On the following morning Dover’s face presented a somewhat more sombre picture. The clientele of The Laughing Dog were well known in the district for their open-handed generosity, and Dover was now paying the price. It was a good thing that Pomeroy Chemicals couldn’t see him. Grey, shaky, a mouth like the banks of the Thames at low tide on a hot day, and a splitting head, he showed a marked reluctance to move any distance away from the nearest lavatory. It was ten o’clock before MacGregor could coax him out of bed and gone eleven before Scotland Yard’s finest could be induced to poke a toe into the great big world outside.
‘It’s less than two minutes by car, sir,’ said MacGregor, holding out Dover’s overcoat as enticingly as he could.
‘It must have been that stuff they gave us for supper,’ whined Dover pathetically as he groped for the armholes. ‘All that foreign sauce muck!’
MacGregor nerved himself and removed Dover’s bowler hat from the hook behind the door with his bare hands. ‘I did think that perhaps the third helping was something of a mistake, sir,’ he said. ‘Especially with your nervous stomach.’
If there was any hint of sarcasm in these remarks, Dover was too far gone to notice it. ‘I just hope I can keep that bacon and egg down,’ he grumbled as he allowed MacGregor to shepherd him towards the door. ‘Here, steady on! There’s no need to rush me!’ He rubbed one flaccid hand wearily across his face. ‘Where the hell are we going anyhow?’
‘To the house where the girl’s body was found, sir.’
Dover gulped. ‘If I have to look at any more bloody stiffs,’ he promised, ‘I’ll not be answerable for the consequences.’
MacGregor was able to reassure him. ‘The body was removed yesterday, sir. We’re only going to see the occupant of the house – Miss Henty-Harris.’
Dover nodded, and immediately regretted such rash behaviour. ‘And I don’t have to walk?’
‘Only as far as the car, sir. Inspector Walters is letting us have one, and a driver, for as long as we need.’
Dover was concentrating on getting to the head of the stairs. ‘’Strewth,’ he whimpered as, with MacGregor’s assistance, he began the long descent, ‘I wish I was bloody dead!’
Funnily enough, although Miss Charlotte Henty-Harris looked and acted like one of the leading ladies from Cranford, she knew a man with a jumbo-sized hangover when she saw one. Clucking compassionately, she helped MacGregor manoeuvre Dover across the threshold of Les Chenes and into a comfortable armchair by the drawing room fire.
‘Poor boy!’ cooed Miss Henty-Harris as she leaned forward and unscrewed Dover’s bowler hat from his head. ‘What you need is a nice glass of my rhubarb and parsley cordial.’
‘What I need,’ retorted Dover in a feeble attempt to regain his old ungraciousness, ‘is a bloody week in bed!’
‘Of course you do, dear!’ agreed Miss Henty-Harris with a sweet smile. ‘But you’ve got work to do, you see. Important work. We can’t have you laid up just at this moment, now can we? So, you just sit well back while I go and mix you up a draught of something that will bring the roses back to your cheeks. We’ll soon have you your old merry self again!’
‘Who the hell is she?’ demanded Dover as Miss Henty-Harris bustled off happily to her kitchen. ‘Whistler’s bleeding grandmother?’
‘She’s the lady who found the girl’s body, sir,’ said MacGregor with as much patience as he could muster.
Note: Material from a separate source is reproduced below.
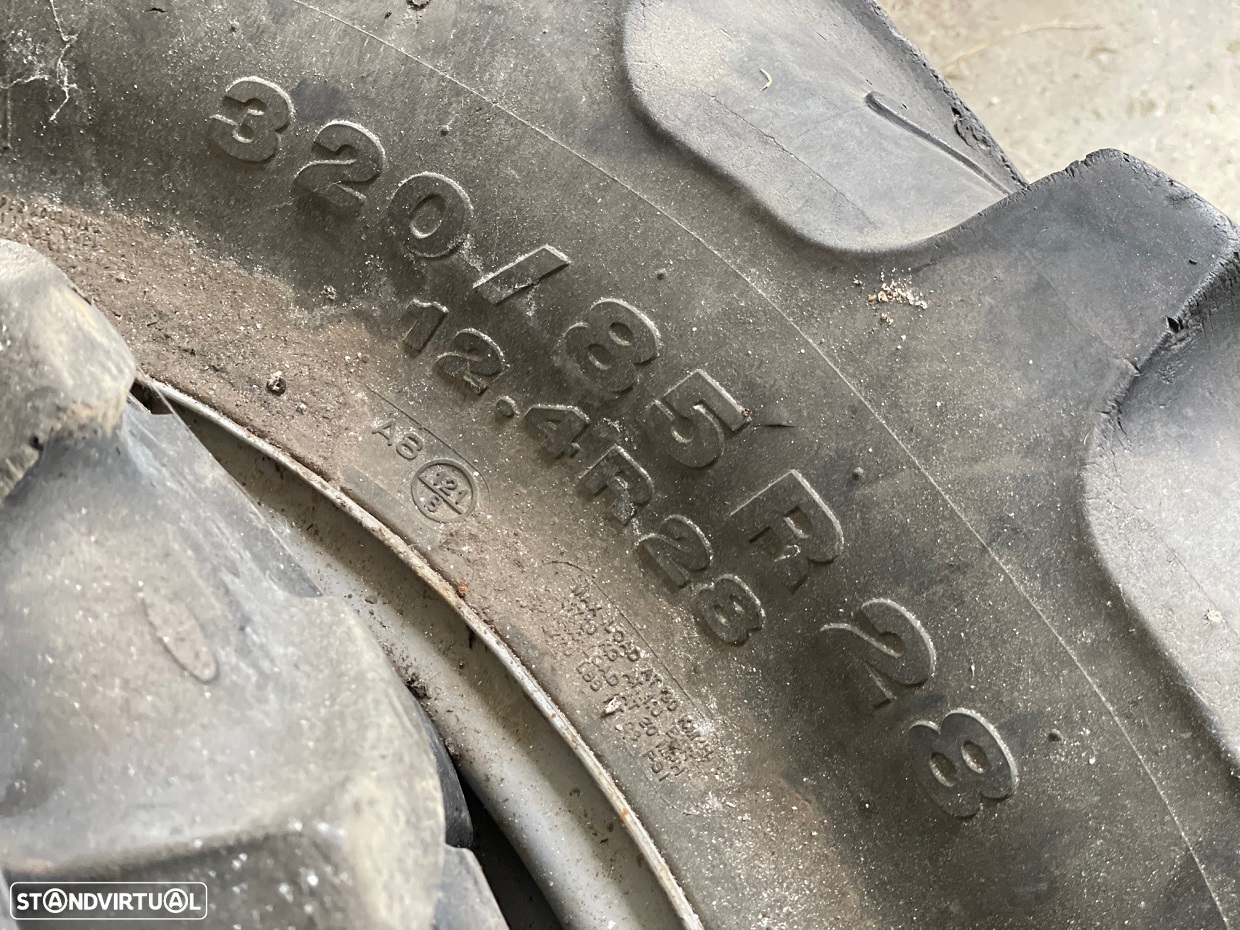 BKT 210/95 R18 // BKT 320 / 85 R28 - 5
Well, you did get a bit cheesed off with saying everything three times and even then the old fool didn’t know what you were talking about. ‘It was in her shrubbery behind the front gate that .. .’
‘I do wish you’d belt up for a bit,’ moaned Dover, letting his head sink back into the cushions of his chair. ‘Why don’t you read your notebook or contemplate your navel or something, and let me get a bit of rest, for God’s sake?’
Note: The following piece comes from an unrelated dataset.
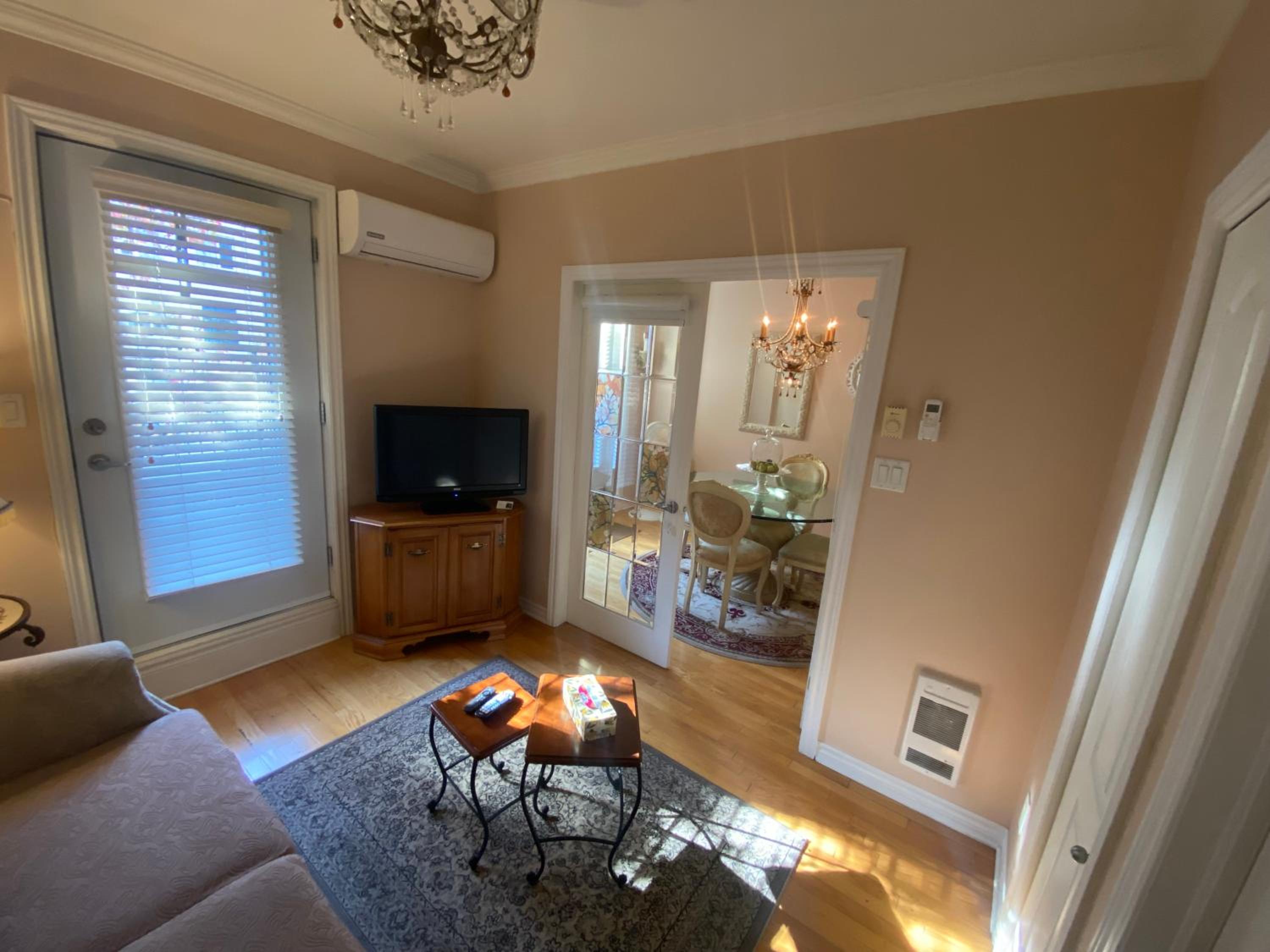 ApartHotelMontreal by Les Terrasses Saint Urbain 2225I2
But there is, as we know, no rest for the wicked, and Dover’s puffy eyelids had barely drooped over his equally puffy eyes when Miss Henty-Harris came trotting in again. All the ingredients for her concoction were ready to hand in her kitchen and this, coupled with a rather lengthy experience of mixing the stuff, accounted for the speed of her return.
‘Just drink it right down, dear!’ she advised as Dover, understandably, shied away from the evil-smelling brew.
‘What the hell is it?’
‘Never you mind, dear!’ chuckled Miss Henty-Harris. ‘You get it swallowed down!